#### TASK STATEMENT
Print the data below exactly, but only the lines from the one containing "Woman wearing a" down to the one containing "Brighton Racecourse official", inclusive.

#### DATA IN THIS EXERCISE
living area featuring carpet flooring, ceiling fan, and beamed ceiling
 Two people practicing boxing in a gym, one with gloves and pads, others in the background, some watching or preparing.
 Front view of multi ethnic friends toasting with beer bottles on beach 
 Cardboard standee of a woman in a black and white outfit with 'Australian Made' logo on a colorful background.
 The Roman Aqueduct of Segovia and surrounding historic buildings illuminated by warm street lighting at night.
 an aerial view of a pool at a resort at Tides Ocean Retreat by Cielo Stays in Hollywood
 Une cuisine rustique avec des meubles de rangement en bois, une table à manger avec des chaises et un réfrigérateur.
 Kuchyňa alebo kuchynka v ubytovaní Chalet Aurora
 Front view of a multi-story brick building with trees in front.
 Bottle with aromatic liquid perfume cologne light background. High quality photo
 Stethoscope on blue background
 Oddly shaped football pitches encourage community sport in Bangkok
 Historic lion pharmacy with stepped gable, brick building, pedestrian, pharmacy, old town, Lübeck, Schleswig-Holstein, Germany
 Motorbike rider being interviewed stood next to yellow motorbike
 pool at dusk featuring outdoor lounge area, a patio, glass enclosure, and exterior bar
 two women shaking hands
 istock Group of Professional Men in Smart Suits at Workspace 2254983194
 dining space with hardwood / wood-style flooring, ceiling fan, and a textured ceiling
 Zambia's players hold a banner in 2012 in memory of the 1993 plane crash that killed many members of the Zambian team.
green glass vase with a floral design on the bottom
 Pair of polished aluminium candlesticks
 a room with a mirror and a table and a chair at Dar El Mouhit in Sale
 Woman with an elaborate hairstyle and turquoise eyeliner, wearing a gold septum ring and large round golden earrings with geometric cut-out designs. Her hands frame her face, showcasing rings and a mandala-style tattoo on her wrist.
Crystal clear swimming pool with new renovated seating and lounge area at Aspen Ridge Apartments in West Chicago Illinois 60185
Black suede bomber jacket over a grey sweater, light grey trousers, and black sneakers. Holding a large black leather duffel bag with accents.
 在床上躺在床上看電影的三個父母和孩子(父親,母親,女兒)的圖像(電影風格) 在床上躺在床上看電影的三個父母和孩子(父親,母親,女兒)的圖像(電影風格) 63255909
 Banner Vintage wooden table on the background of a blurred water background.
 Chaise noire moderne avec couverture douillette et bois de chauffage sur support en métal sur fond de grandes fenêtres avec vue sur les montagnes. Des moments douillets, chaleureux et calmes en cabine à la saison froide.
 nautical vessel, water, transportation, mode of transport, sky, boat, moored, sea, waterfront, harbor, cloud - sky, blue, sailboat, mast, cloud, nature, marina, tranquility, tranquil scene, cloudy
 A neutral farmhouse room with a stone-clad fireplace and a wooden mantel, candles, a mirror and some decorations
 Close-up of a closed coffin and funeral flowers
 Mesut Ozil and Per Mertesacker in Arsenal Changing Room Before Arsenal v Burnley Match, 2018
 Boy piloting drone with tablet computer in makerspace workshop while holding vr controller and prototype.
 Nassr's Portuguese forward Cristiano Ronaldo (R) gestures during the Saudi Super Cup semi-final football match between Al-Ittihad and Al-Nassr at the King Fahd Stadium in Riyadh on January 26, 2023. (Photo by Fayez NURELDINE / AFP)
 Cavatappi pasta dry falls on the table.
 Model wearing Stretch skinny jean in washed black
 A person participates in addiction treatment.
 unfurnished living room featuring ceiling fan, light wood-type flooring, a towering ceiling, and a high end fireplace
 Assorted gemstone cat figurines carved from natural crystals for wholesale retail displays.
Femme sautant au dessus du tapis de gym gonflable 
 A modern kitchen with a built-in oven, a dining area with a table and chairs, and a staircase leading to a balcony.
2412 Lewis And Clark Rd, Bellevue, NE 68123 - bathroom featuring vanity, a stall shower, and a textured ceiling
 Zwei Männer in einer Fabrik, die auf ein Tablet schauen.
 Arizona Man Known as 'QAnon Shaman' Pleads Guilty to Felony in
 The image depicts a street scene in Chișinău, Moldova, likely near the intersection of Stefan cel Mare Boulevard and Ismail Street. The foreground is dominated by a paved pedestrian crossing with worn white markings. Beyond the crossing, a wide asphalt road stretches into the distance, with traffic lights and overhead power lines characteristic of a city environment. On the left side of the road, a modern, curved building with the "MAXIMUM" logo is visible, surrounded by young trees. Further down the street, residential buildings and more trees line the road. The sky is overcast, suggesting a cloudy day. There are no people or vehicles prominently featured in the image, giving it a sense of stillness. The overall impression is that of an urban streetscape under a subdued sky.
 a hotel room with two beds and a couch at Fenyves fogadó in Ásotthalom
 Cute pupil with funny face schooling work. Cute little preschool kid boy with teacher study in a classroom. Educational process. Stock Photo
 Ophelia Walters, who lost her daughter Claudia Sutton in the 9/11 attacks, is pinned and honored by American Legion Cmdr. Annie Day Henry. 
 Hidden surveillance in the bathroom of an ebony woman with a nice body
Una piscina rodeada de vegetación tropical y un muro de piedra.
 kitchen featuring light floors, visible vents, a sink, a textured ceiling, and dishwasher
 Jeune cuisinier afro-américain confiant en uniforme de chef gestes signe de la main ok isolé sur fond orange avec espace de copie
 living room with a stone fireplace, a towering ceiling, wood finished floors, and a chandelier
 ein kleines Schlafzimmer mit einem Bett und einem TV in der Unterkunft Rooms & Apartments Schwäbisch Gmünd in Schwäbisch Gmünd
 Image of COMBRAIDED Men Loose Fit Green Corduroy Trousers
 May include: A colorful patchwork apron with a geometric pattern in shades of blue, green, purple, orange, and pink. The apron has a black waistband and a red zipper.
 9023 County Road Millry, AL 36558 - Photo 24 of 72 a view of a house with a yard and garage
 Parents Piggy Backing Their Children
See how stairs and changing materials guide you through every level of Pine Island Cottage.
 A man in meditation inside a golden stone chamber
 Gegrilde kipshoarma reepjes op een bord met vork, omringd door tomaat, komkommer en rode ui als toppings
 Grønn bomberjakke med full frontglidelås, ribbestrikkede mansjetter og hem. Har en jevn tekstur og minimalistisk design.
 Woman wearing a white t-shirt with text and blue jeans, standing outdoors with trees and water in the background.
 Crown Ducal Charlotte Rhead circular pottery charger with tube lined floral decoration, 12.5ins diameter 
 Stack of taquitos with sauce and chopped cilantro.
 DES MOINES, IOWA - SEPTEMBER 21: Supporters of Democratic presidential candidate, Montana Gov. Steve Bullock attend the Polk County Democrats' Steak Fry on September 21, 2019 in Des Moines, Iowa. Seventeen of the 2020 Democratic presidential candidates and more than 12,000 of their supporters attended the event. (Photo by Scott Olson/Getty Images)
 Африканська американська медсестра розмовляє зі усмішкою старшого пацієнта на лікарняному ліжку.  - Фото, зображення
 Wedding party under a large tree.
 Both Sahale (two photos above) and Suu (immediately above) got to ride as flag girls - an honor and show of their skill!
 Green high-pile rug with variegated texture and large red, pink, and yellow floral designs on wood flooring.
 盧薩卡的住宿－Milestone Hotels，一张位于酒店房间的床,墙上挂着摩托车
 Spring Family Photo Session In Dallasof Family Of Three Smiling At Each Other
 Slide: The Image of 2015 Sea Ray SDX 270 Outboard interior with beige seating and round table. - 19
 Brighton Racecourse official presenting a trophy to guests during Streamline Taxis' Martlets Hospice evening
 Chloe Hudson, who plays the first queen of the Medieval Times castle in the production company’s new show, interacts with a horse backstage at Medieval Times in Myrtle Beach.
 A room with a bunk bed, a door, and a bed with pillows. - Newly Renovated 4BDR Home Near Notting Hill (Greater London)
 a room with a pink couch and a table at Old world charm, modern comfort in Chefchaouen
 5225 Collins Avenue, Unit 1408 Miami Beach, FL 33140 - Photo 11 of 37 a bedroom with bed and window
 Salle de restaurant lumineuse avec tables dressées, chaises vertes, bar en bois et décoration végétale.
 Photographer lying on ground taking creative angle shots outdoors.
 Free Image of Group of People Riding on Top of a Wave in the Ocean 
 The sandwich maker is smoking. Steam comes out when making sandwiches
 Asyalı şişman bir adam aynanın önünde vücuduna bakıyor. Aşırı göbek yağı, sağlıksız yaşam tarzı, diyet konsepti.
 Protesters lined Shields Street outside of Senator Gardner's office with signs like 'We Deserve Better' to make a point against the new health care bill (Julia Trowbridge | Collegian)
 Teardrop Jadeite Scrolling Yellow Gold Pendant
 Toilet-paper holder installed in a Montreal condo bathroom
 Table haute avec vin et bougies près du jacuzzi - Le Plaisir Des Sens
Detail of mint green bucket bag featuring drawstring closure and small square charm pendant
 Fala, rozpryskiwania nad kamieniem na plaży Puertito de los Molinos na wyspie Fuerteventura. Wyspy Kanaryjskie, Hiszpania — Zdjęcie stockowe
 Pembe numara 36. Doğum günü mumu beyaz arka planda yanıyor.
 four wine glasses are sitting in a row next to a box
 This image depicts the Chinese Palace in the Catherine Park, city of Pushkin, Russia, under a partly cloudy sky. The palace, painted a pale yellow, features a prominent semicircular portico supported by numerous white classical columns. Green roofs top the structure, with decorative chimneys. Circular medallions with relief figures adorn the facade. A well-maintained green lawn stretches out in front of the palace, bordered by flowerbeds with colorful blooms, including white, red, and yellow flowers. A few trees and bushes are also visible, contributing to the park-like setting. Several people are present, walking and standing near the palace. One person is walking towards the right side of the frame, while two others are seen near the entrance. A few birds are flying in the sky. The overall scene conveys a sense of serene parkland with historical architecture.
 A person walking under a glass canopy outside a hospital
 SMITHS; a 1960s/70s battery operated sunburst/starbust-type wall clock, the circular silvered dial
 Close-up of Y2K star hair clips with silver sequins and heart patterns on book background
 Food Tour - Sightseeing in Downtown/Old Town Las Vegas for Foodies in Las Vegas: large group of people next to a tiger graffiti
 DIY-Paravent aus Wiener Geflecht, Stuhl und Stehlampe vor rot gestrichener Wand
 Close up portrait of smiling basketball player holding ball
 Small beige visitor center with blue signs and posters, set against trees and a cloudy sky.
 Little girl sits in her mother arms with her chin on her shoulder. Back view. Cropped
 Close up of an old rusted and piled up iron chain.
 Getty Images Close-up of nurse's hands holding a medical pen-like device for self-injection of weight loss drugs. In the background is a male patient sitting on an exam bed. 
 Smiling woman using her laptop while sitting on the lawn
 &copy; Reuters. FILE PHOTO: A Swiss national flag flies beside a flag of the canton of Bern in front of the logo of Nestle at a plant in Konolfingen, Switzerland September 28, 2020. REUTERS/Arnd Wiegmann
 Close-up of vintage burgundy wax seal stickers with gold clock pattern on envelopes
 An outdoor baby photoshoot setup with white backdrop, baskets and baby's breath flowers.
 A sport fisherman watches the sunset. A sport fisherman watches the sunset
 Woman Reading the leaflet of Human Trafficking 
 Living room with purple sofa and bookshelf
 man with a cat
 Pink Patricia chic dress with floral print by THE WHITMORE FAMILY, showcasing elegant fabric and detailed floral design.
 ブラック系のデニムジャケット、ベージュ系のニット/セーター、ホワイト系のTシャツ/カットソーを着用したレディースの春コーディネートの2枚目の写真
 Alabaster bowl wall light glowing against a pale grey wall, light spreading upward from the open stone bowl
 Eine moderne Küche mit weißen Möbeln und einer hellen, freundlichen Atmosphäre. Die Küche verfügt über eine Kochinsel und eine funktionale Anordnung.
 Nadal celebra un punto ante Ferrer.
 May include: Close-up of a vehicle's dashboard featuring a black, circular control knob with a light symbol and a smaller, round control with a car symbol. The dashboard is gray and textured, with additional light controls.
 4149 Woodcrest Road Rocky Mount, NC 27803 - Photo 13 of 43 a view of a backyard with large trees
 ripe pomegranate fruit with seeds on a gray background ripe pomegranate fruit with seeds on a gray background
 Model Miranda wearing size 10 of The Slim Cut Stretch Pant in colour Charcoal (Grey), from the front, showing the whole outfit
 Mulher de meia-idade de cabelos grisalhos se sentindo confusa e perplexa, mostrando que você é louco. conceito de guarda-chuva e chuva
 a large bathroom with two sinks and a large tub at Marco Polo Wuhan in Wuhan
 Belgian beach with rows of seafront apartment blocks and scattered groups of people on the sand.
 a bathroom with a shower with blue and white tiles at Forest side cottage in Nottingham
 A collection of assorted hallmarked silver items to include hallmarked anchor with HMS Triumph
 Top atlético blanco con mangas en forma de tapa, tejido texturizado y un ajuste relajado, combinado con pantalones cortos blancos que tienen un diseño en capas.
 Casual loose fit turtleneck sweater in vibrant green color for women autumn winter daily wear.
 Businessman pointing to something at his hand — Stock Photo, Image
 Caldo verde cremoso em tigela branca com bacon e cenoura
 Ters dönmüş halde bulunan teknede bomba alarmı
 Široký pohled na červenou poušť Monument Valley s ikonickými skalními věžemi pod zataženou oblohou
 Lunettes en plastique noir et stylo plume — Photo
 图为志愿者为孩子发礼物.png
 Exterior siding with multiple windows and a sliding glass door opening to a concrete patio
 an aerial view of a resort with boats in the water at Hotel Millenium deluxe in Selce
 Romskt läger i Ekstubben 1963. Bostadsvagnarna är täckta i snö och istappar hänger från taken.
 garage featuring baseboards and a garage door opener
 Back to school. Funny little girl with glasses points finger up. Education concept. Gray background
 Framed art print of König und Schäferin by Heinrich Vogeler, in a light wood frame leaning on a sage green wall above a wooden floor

#### RESPONSE
 Woman wearing a white t-shirt with text and blue jeans, standing outdoors with trees and water in the background.
 Crown Ducal Charlotte Rhead circular pottery charger with tube lined floral decoration, 12.5ins diameter 
 Stack of taquitos with sauce and chopped cilantro.
 DES MOINES, IOWA - SEPTEMBER 21: Supporters of Democratic presidential candidate, Montana Gov. Steve Bullock attend the Polk County Democrats' Steak Fry on September 21, 2019 in Des Moines, Iowa. Seventeen of the 2020 Democratic presidential candidates and more than 12,000 of their supporters attended the event. (Photo by Scott Olson/Getty Images)
 Африканська американська медсестра розмовляє зі усмішкою старшого пацієнта на лікарняному ліжку.  - Фото, зображення
 Wedding party under a large tree.
 Both Sahale (two photos above) and Suu (immediately above) got to ride as flag girls - an honor and show of their skill!
 Green high-pile rug with variegated texture and large red, pink, and yellow floral designs on wood flooring.
 盧薩卡的住宿－Milestone Hotels，一张位于酒店房间的床,墙上挂着摩托车
 Spring Family Photo Session In Dallasof Family Of Three Smiling At Each Other
 Slide: The Image of 2015 Sea Ray SDX 270 Outboard interior with beige seating and round table. - 19
 Brighton Racecourse official presenting a trophy to guests during Streamline Taxis' Martlets Hospice evening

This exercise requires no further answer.